# Smokin meat questipn



## Oger (Aug 28, 2008)

When smoking multiple smoke butts do you had up the total of say the three butts. For example I cant remmember exactly without looking at my guide but lets say it says 2 hours per pound. I have 3 five pound butts to smoke for a party. Do I just go with 2 x 5# equaling a ten hour smoke or is it 2 x5x 3 butts for 30hrs. I think i know the answer and dont want to sound stupid because a 30 hr smoke seems ridiculous but i just wanted to double check so i dont ruin the food

Sent from my DROIDX using Ohub Campfire mobile app


----------



## Chx trapper (Jan 7, 2014)

I'm new at smoking but with my limited experience I'd have to say your going for the 10 hrs not 30.


----------



## thumbgoodfisherman (Dec 6, 2005)

I have a little propane smoker that I run on low for about an hour to get good smoke then bump up to 250 til it reaches 160 degrees then wrap with foil stick a meat thermometer in once it reaches 200 internal degrees I take off smoker and start pulling. You asked about how long it takes I would guess some where around 7-8 hours to reach the bone pulling temp.
 Good luck and snap some pictures!!


----------



## EdB (Feb 28, 2002)

Definitely go by meat temp and not time. They tend to hang up at 160 for a while, don't worry, just keep it going and the temp will eventually start rising. 200 degrees like thumbgoodfisherman said is the time to pull them but let them rest off the smoker for a least a 1/2 - 1hr before you do.


----------



## thumbgoodfisherman (Dec 6, 2005)

To be honest with you Ed I don't believe in the letting the meat rest thing. I've did it both ways brisket and pork butts and I have had a lot better success with the meat staying juicy with pulling/cutting them right away. But each to their own, everybody has their own preference.


----------



## lilsean95 (Mar 6, 2007)

What you have to be worried about this the liquid from the shoulder. I smoke at least once a month for friend and myself and the cooking to temp is the correct way to do this. Get yourself a great meat thermometer that has a temperature alarms and can be remote. I have one that I set the probe alarm and once that goes off I check it and wrap it. 3-8 lbs shoulders should take 12-13 hours. Good Luck...........I was taught by an old school BBQ'er and he told me to take 1.5 per lb for BBQ'ing

ie 1.5 X 8lbs = 12 hours
ie 1.5 X 9.5lbs = 14.25 hours


----------



## DEDGOOSE (Jan 19, 2007)

As mentioned its each individual butt.. But you really cannot smoke to time or temp.. As someone mentioned you will hit a stall period somewhere 150+ each individual butt will most likely stall a little different and for different lengths of time.. Smaller butts tend to stall harder IME than larger ones.. Some will foil to power through the stall, I did it once never again, the sweating of the meat ruined the bark which is the best part IMO, others foil to curb the meat drying out, but if you are drying out a butt roast your doing something wrong or need a better piece of meat to start. 

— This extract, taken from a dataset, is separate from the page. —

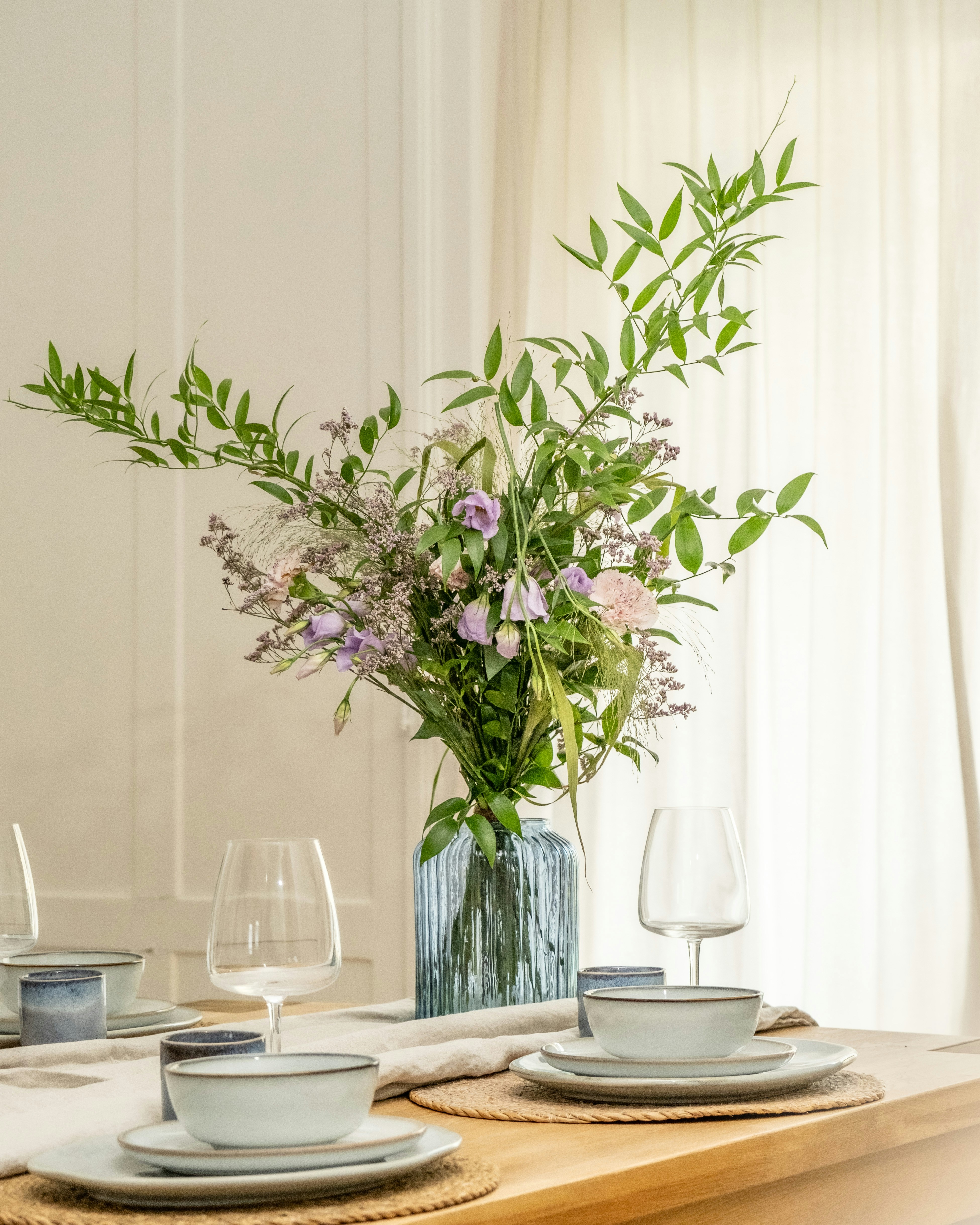 A table setting with a vase of flowers.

As for when to pull, time and internal temp is simply an indicator to start checking for signs of doneness.. Usually when I start hitting 195 I start probing for tenderness, it should probe like a knife in warm butter with no resistance.. If you hit areas that have more resistance, those areas are not as tender as they can be with more cooking and leave the butt on longer.. Another good test is the bone wiggle if you give the bone a wiggle and it wants to pop out your most likely there. Some butts will be finished at 195 some will be done at temps just above 200.. 

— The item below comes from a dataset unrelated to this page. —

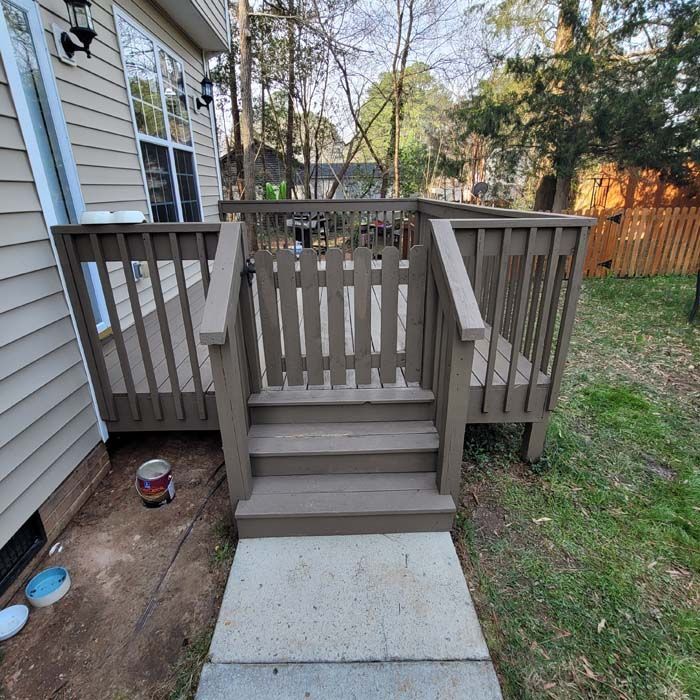 Wooden deck with steps and gate, painted brown. Concrete path in yard.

Do to the stalling nature of a butt its always smart to budget more than enough time, its better to have it done way to early, than have guests ready to eat and your waiting on stalled butt.. If you have butts finish to early take them off after 10-15 minutes or so to prevent further cooking double wrap in tin foil and they will hold easily for an hr or more.. If its a long while till you eat or your taking it somewhere, place double wrapped butts in a cooler and fill the rest of the space in cooler with towels. A butt will hold above the danger zone (140) for 3-4 hrs and be piping hot and perfect when ready to pull and serve.

As for smoker temp I have smoked them as low as 225 and as high as 275-280 and their is no difference in taste, texture or perceived smokiness. I actually prefer run 250+ if the cooker wants to hang in that temp range. This summer I am going to experiment with hot and fast as sometimes it seems ridiculous to wait 8-10 hrs for 4-5lb piece of meat.


----------